Set down, without alteration, the lines from the one that contains "2018 Toyota Corolla" through the final line of the material below.

____ DATA EXTRACTS

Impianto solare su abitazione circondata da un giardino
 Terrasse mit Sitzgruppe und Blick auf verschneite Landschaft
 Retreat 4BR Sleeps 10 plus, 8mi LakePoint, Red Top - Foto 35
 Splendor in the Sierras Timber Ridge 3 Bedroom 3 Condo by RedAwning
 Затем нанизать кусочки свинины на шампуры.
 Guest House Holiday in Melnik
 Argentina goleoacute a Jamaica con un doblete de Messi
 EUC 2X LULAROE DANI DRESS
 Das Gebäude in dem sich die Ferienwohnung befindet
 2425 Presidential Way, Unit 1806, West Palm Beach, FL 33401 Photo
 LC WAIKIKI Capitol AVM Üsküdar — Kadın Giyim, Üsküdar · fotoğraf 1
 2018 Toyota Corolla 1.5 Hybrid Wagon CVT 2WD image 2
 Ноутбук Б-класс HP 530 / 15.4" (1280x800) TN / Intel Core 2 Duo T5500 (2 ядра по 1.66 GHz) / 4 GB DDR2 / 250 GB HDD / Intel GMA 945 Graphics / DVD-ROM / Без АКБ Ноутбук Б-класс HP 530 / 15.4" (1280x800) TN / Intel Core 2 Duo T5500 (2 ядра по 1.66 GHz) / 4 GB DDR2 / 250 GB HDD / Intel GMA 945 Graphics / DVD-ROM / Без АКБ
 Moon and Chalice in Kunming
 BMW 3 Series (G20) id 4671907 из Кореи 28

________

TASK SOLUTION
 2018 Toyota Corolla 1.5 Hybrid Wagon CVT 2WD image 2
 Ноутбук Б-класс HP 530 / 15.4" (1280x800) TN / Intel Core 2 Duo T5500 (2 ядра по 1.66 GHz) / 4 GB DDR2 / 250 GB HDD / Intel GMA 945 Graphics / DVD-ROM / Без АКБ Ноутбук Б-класс HP 530 / 15.4" (1280x800) TN / Intel Core 2 Duo T5500 (2 ядра по 1.66 GHz) / 4 GB DDR2 / 250 GB HDD / Intel GMA 945 Graphics / DVD-ROM / Без АКБ
 Moon and Chalice in Kunming
 BMW 3 Series (G20) id 4671907 из Кореи 28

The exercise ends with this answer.